Looks like the Pioneer GM-D1004 is discontinued now?


----------



## speed51133! (Aug 5, 2002)

Yes it has the amp. Talked to them. They have like 8 amps in stock. It is discontinued


----------



## mhjett (Oct 16, 2000)

Nice. Sounds like it'd be a great plug and play upgrade. 

Probably will be hard to find the RMS power and ohms of the stock system. Did you check the audio system manual that came with the car? 

I'd bet the only way to get impedance for the stock speakers is to pull the harness and use a multi-meter on the pins.


----------



## speed51133! (Aug 5, 2002)

they use the harness that comes with the amp to make the PnP harness. I am absolutely sure they could do it with another amp (if they want to is another story). There are like 3 or 4 very similar, almost exact, amps by Sony, Alpine, Kenwood, etc. Does Enfig come to the forums?

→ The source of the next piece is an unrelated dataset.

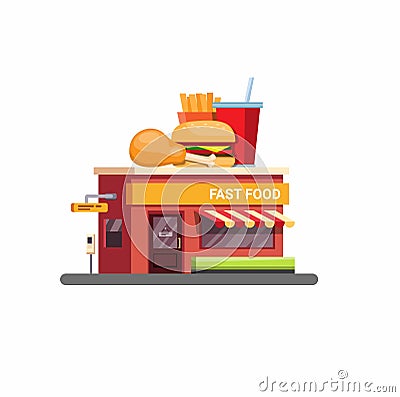 Fast food restaurant building with drive thru service in flat style illustration vector isolated in white background Vector Illustration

EDIT, just ordered the enfig kit. will post how it installs and works.


----------



## mhjett (Oct 16, 2000)

speed51133! said:


> they use the harness that comes with the amp to make the PnP harness. I am absolutely sure they could do it with another amp (if they want to is another story). There are like 3 or 4 very similar, almost exact, amps by Sony, Alpine, Kenwood, etc. Does Enfig come to the forums?
> 
> EDIT, just ordered the enfig kit. will post how it installs and works.

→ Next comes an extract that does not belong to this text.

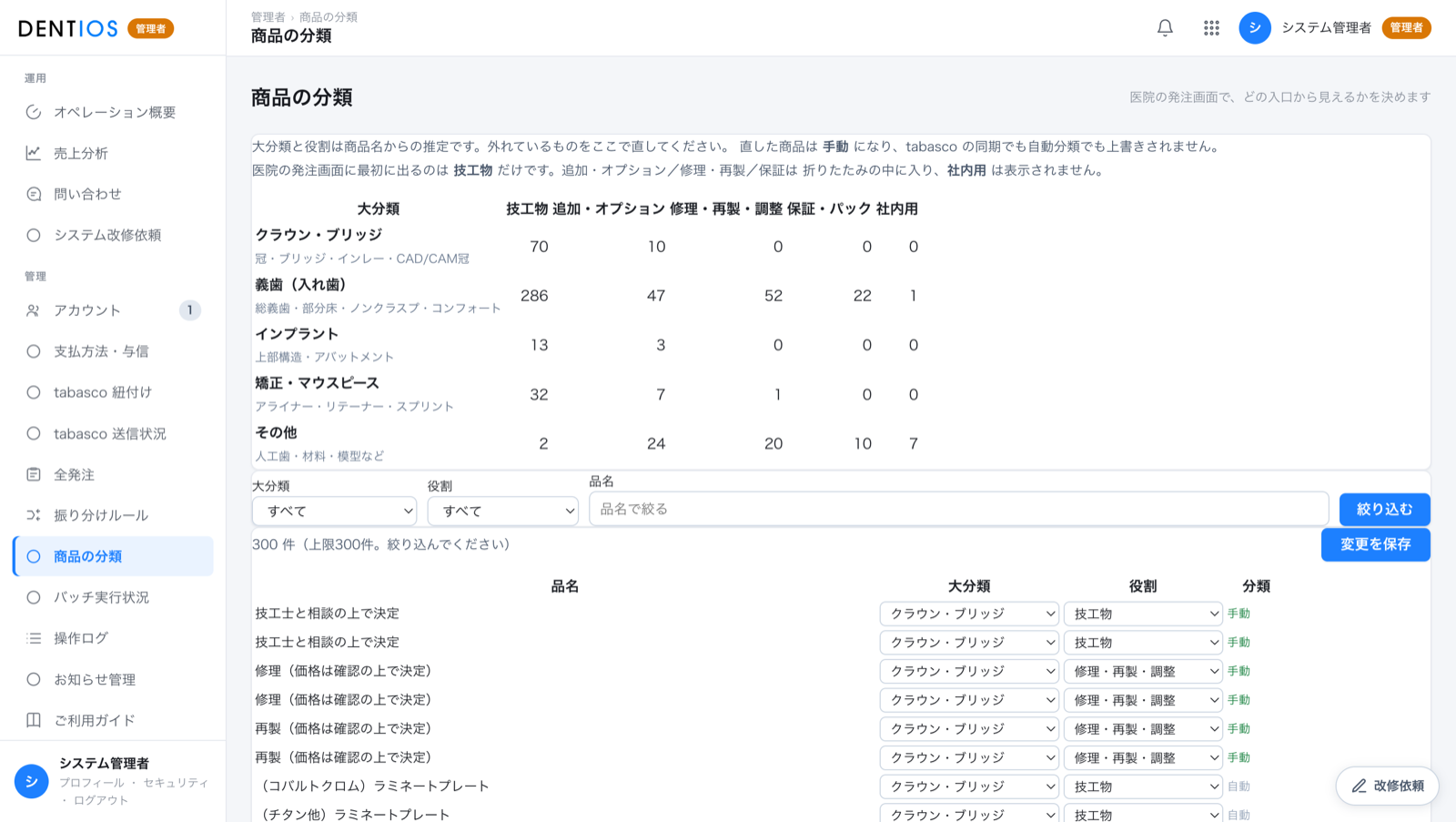 商品の分類を直す画面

Great, post an update on the install and your impressions. :beer:


----------



## poorboy17 (Jun 27, 2017)

Any update on the install? Been wanting more from my atlas radio.


----------



## speed51133! (Aug 5, 2002)

Hasn't arrived yet. Per the tracking number it should be here today. If I can install it with ONLY pulling out the OEM cd player, I will do it today. If I have to remove the glove box, then this weekend. Enfig said I MIGHT have to remove the box to get access to all the harnesses.


----------



## poorboy17 (Jun 27, 2017)

Ok cool, keep us updated with all the details of how it sounds.


----------



## speed51133! (Aug 5, 2002)

usps....arriving saturday.....


----------



## speed51133! (Aug 5, 2002)

the amp kit arrived. I have the harness all assembled (just took a few seconds). I will install it tonight. There is about 5 feet of wire harness. Looks like it could be cut down to 2, but who knows, maybe you need the length to mount the amp in there. The amp itself is tiny. It is about the size as two kid's mini juice boxes.

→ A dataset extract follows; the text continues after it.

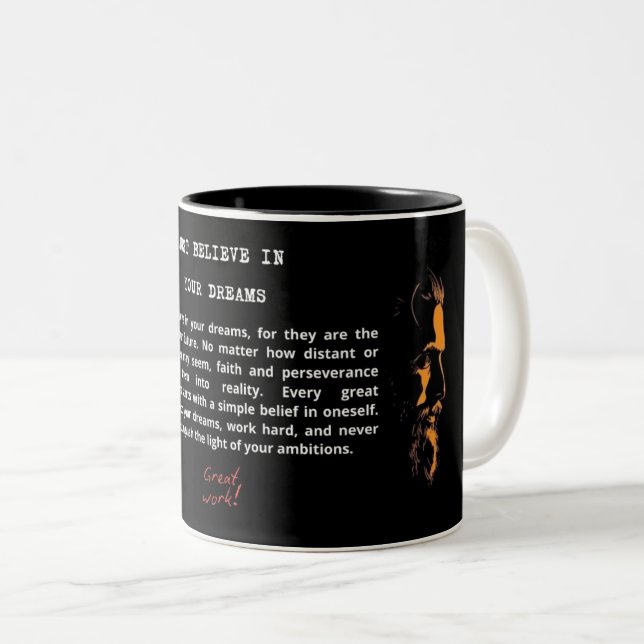 Mug de café noir inspirant (Devant droit)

Anyone know what the go-to place is to host pics these days? The ones I used to use on these forums is looong gone.


----------



## speed51133! (Aug 5, 2002)

It took about 5 min to install. The kit came with some kind of relay harness that Enfig says eliminated "turn on popping". They say it is optional. The amp would not power on with it. Not sure if the wires are bad or what. I took it out of the equation and everything works great. It is a huge boost in sound. Well worth it. I will talk to enfig about the relay issue. I have pics to show, but no hosting site yet.


Edit. So when trying to stuff it all back it there was so way it was fitting. I had to remove the glove box then it was fine. Took me about 45 min, first time doing it. If I had to do it again it would be much less.


----------



## snobrdrdan (Sep 10, 2008)

Nice!

Use www.flickr.com or www.imgur.com to host your pics


----------



## speed51133! (Aug 5, 2002)

Ok, I'm doing this off a cell, so I'll just dump some pics and edit it later.
This is the harness all clipped together with the amp. I thought it was way too long, but the length comes in handy when tucking the amp into the dash. Note, the relay harness, as I call it, is the thick black part with a little black box it can be totally unclipped and bypassed. ...Must be an easier way, I have to go into the image source html and sift through it for the direct link....









This shows how the CD player is removed from the glove box. The two little tools were 5 bucks from enfig. Just push in and pull out.









The cd player is the real headunit. The screen is just that, a touch screen. Once you have the cd player out, you have just enough room to get at the harness behind it. Unclip the big square one by pressing and rotating a tab. It is called a quadlock harness, nifty thing, way easier than the older ones. Google it for instructions on how it works. (at the end I needed to totally take out the headunit and the glove box to get it all to fit. to do that, all the other colored plugs also come out. Some come out by sliding out a tab and others come out with pinching a clip. Here I just wanted to make sure it all works).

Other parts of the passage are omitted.